[WORK TASK]: Could you set down exactly the lines of the data below, starting at the one that holds "Charcoal grey jacket" and ending at the one that holds "Wholesale Baby Girl", both included, and only those?

(Crawled caption data)
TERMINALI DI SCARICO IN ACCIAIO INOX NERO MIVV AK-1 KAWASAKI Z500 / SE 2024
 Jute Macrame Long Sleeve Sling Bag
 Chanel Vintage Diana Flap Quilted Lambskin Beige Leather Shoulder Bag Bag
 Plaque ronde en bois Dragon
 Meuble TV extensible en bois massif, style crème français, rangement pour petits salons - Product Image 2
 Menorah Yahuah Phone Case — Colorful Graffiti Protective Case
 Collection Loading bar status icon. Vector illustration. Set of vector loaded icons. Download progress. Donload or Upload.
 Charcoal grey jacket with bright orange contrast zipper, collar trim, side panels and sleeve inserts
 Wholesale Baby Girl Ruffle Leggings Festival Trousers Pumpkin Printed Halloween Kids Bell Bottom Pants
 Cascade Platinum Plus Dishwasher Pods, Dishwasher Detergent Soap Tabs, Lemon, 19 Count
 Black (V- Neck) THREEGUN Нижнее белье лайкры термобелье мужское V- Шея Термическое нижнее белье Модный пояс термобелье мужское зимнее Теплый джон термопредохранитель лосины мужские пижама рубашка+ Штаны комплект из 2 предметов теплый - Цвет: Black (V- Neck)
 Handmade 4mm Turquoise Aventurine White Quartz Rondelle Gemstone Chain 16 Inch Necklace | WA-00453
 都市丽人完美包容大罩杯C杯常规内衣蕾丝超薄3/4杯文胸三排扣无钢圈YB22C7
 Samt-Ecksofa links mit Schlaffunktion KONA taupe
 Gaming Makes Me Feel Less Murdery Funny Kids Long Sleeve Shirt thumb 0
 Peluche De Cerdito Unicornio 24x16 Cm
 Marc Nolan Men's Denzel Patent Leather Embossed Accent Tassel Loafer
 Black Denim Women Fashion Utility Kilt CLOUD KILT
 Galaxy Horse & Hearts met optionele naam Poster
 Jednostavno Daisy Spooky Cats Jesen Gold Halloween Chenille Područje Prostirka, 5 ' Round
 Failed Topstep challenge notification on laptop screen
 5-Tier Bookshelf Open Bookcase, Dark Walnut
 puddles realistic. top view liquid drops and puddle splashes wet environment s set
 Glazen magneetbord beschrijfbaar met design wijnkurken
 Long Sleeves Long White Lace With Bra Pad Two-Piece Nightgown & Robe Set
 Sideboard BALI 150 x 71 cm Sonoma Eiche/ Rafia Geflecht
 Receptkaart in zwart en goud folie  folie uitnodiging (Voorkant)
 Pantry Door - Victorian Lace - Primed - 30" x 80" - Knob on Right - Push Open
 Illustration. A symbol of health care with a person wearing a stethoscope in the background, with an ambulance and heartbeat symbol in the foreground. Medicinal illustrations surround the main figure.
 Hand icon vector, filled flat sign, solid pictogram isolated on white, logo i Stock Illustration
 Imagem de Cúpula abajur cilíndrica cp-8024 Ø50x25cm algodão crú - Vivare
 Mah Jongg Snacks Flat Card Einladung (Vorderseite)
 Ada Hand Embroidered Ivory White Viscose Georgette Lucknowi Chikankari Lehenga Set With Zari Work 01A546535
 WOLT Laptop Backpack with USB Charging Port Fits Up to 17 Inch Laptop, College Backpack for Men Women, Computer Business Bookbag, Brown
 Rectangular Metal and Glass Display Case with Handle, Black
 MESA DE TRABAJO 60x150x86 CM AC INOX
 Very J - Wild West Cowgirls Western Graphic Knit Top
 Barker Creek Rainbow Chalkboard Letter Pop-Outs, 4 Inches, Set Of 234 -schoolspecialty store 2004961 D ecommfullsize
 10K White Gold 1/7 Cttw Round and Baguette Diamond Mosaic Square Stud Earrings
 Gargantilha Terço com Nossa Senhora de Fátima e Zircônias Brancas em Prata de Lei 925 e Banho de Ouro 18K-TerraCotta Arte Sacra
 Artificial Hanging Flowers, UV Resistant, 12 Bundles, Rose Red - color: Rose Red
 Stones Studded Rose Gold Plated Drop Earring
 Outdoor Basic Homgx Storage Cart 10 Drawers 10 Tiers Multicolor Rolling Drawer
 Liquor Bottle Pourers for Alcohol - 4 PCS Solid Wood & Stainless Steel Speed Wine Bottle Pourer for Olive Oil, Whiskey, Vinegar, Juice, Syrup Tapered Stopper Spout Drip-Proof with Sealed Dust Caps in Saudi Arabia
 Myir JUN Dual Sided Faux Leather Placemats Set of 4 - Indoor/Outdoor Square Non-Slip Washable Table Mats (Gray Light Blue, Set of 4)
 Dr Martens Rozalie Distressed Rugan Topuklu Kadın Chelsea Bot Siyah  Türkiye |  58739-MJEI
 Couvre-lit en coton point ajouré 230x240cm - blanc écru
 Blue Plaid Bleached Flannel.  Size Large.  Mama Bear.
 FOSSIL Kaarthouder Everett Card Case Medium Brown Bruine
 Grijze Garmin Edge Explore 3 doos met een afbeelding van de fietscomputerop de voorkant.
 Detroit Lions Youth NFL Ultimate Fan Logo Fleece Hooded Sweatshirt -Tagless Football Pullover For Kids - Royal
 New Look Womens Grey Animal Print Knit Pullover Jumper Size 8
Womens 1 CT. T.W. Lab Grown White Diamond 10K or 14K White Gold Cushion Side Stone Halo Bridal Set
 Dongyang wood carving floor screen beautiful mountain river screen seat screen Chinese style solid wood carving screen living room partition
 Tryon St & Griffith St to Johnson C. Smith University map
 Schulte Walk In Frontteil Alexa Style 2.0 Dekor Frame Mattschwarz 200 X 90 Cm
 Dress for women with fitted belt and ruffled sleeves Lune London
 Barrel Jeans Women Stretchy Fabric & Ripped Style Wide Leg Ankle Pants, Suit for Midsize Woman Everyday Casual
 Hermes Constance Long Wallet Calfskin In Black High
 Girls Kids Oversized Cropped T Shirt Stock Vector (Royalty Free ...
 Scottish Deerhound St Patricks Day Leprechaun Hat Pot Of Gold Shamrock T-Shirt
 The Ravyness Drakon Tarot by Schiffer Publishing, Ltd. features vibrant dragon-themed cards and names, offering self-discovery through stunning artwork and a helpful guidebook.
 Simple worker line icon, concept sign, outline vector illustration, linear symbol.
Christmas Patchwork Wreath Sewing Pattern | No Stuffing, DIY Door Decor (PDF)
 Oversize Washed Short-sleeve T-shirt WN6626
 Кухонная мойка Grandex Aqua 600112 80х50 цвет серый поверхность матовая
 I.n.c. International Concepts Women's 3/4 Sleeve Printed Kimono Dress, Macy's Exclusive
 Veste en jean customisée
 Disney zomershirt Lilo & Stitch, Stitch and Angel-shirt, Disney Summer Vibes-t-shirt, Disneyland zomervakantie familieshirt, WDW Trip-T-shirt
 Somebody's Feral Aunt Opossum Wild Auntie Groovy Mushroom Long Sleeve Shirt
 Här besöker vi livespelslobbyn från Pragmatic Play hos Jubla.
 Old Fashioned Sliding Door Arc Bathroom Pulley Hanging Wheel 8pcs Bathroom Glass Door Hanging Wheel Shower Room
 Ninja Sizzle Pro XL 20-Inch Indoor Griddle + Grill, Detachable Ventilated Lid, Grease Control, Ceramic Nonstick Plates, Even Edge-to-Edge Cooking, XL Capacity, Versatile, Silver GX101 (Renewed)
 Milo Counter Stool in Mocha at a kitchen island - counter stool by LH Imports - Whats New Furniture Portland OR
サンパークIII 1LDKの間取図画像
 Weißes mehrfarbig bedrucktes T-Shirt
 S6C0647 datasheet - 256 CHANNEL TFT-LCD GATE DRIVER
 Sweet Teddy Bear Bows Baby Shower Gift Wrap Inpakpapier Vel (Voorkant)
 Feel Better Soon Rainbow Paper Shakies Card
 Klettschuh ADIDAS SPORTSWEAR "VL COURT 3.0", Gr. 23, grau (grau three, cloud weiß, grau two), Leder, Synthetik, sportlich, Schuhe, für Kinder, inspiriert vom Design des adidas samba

[RESPONSE BELOW]:
 Charcoal grey jacket with bright orange contrast zipper, collar trim, side panels and sleeve inserts
 Wholesale Baby Girl Ruffle Leggings Festival Trousers Pumpkin Printed Halloween Kids Bell Bottom Pants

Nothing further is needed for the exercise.